Intervention period growth versus control period growth on the PPVT

The T3 phase of this study was, in fact, a delayed post-testing trial for group A. Because group A participants had completed the intervention roughly 6 weeks earlier, the T3 phase allowed for an examination of any enduring effects of the intervention. On the raw scores of the PPVT, group A students made statistically significant growth following the intervention, t(19) = .307, < .01. This suggests that group A’s participation in the intervention may have accelerated their general vocabulary development following the intervention, although the small sample size and the small effect size (d = .18) would heed against any such conclusion. However, group B showed no significant growth at T2 or T3 on the PPVT, suggesting that the fact that both groups took the same form of the PPVT at all three testing phases was not the cause of group A’s growth.

Additional mediating factors on vocabulary growth

A series of analyses of variance examined if other factors, such as first language or intervention attendance rates, influenced students’ response to the intervention. First, an ANOVA revealed that children’s response to the intervention, as measured by their MAV scores, did not vary as a function of their home languages. Similarly, an ANOVA on days of attendance, which was recoded into three variables (6–10 days, 11–14 days, and 15–20 days), showed that attendance was not related to growth in the intervention, F(2,34) < 1, ns. The absence of attendance effects may reflect the limited duration of the study as a whole, and the high attendance rates of the students. Indeed, of the 37 students, 31 students attended Language Workshop at least 15 out of 20 days.

To what extent do language skills in English mediate middle school English learners’ vocabulary growth in a vocabulary development intervention?

To answer the second research question, ANOVA, Pearson product moment correlations, and multiple regression models were used. Students’ growth during the intervention differed as a function of their English proficiency, as indicated by an ANOVA on students’ California English Language Development Tests (CELDT) levels.

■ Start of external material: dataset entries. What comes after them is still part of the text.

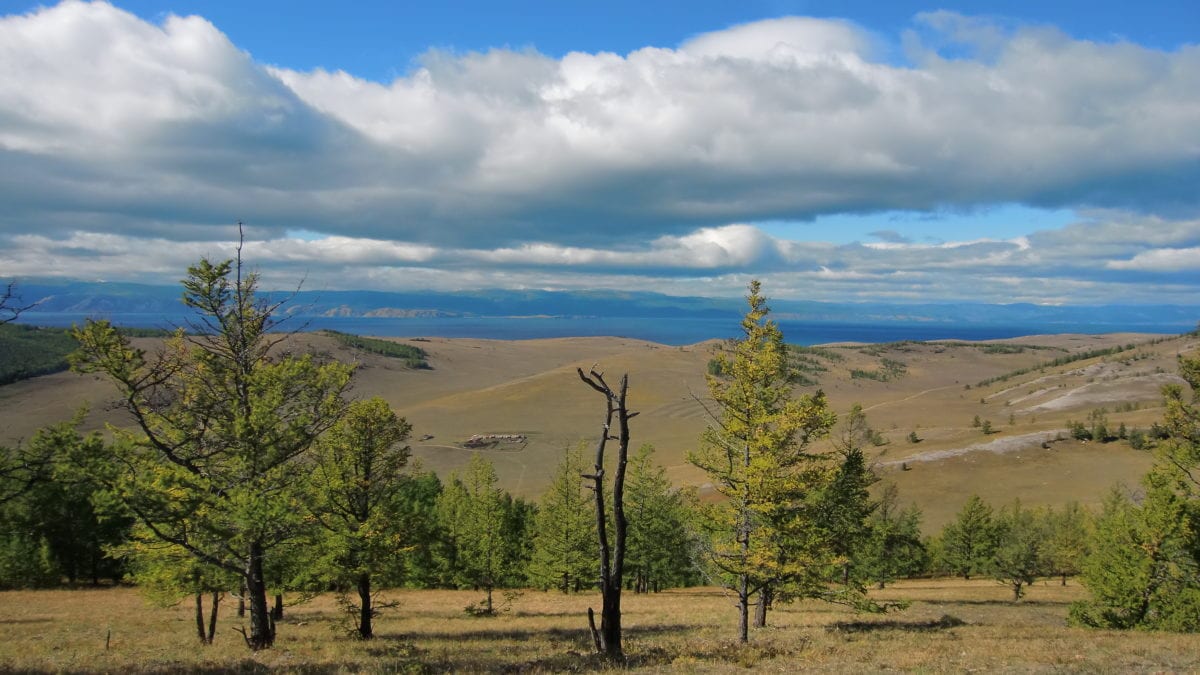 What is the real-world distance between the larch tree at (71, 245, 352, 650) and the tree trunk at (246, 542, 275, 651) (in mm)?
35

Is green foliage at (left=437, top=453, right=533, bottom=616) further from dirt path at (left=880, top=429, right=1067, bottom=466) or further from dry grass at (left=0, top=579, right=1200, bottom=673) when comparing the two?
dirt path at (left=880, top=429, right=1067, bottom=466)

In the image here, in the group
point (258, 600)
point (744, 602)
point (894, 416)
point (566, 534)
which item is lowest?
point (894, 416)

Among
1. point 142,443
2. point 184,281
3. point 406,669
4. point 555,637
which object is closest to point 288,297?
point 184,281

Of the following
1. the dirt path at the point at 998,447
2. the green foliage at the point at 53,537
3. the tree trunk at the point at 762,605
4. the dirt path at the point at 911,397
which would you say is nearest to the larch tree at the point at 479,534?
the tree trunk at the point at 762,605

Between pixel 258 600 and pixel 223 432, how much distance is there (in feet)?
15.4

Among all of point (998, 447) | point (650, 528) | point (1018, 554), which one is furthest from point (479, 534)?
point (998, 447)

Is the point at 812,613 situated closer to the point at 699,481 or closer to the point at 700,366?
the point at 699,481

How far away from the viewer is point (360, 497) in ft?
66.2

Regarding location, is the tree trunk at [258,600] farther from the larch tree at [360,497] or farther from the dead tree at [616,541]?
the dead tree at [616,541]

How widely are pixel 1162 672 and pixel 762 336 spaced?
36.1 ft

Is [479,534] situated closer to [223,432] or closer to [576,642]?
[576,642]

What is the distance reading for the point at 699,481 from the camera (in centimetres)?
8462

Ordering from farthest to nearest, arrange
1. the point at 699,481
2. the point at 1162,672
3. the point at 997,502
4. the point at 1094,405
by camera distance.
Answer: the point at 1094,405 < the point at 699,481 < the point at 997,502 < the point at 1162,672

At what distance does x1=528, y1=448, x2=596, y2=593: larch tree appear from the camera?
1483 inches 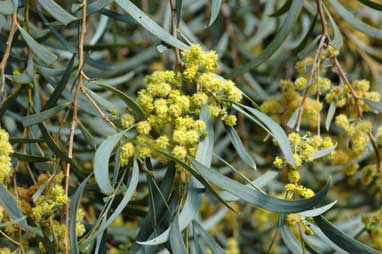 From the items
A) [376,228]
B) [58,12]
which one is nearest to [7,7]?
[58,12]

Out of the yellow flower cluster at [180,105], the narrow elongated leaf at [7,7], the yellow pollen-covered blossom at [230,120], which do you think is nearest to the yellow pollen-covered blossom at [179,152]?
the yellow flower cluster at [180,105]

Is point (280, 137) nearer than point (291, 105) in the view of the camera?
Yes

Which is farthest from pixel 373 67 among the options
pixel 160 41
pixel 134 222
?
pixel 160 41

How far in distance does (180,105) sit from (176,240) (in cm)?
18

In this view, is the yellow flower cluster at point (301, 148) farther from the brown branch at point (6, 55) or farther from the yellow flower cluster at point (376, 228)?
the brown branch at point (6, 55)

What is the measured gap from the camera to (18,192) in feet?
3.50

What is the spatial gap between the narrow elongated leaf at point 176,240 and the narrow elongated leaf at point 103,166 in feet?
0.31

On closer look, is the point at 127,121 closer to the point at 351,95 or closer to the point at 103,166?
the point at 103,166

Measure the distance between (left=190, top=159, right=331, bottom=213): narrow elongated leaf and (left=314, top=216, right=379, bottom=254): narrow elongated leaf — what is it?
0.42ft

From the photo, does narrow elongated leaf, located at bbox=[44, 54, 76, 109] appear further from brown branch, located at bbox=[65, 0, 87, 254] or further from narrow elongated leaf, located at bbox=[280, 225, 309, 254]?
narrow elongated leaf, located at bbox=[280, 225, 309, 254]

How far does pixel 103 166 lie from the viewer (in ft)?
2.86

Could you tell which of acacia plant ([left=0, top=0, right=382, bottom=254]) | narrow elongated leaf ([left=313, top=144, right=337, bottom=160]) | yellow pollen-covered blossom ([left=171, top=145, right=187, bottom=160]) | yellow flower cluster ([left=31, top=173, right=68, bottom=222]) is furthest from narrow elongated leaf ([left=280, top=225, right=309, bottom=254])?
yellow flower cluster ([left=31, top=173, right=68, bottom=222])

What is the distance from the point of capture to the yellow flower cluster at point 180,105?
925mm

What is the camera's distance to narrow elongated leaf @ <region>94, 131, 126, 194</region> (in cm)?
86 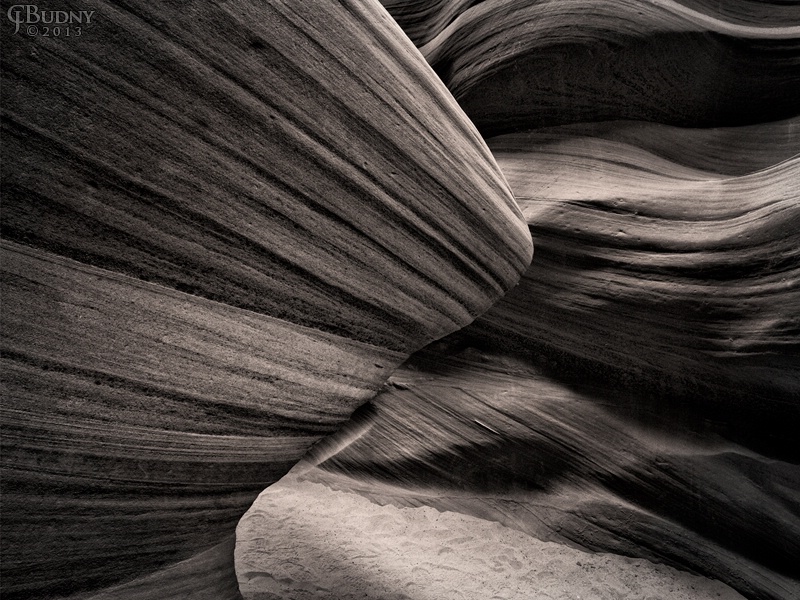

Growth on the MAV during the intervention increased with each of the five successive CELDT levels, from basic to advanced, F(4,32) = 4.16, < .01, partial η 2 = .34. These statistically and practically significant differences were limited to growth during the intervention periods; growth during the control periods showed different patterns for both variables, but those differences were not statistically significant. Next, the Pearson correlations for age, CELDT level, and all T1 phase raw scores were determined. Table 5 presents these results.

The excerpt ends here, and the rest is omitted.